EXERCISE DIRECTIONS: Give the lines again exactly as they appear below, from the line with "Shocked Arab guy" to the line with "pile green peas on white background.", both included, and only those lines. Leave every picture out.
--- DATA SHOWN ---
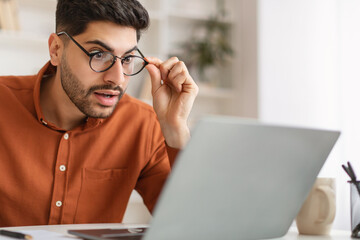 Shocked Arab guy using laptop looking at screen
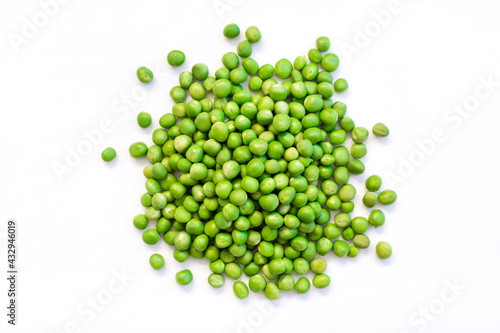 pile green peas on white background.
---
--- DATA SHOWN ---
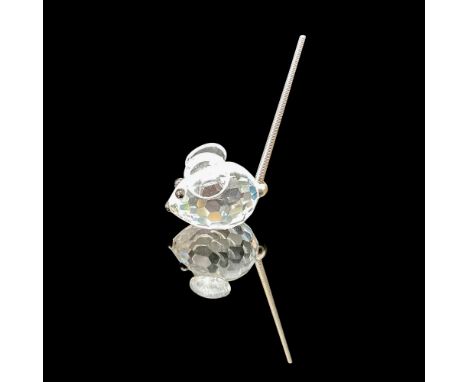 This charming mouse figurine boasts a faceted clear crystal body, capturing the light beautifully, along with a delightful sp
---
WRITTEN RESPONSE:
 Shocked Arab guy using laptop looking at screen
 pile green peas on white background.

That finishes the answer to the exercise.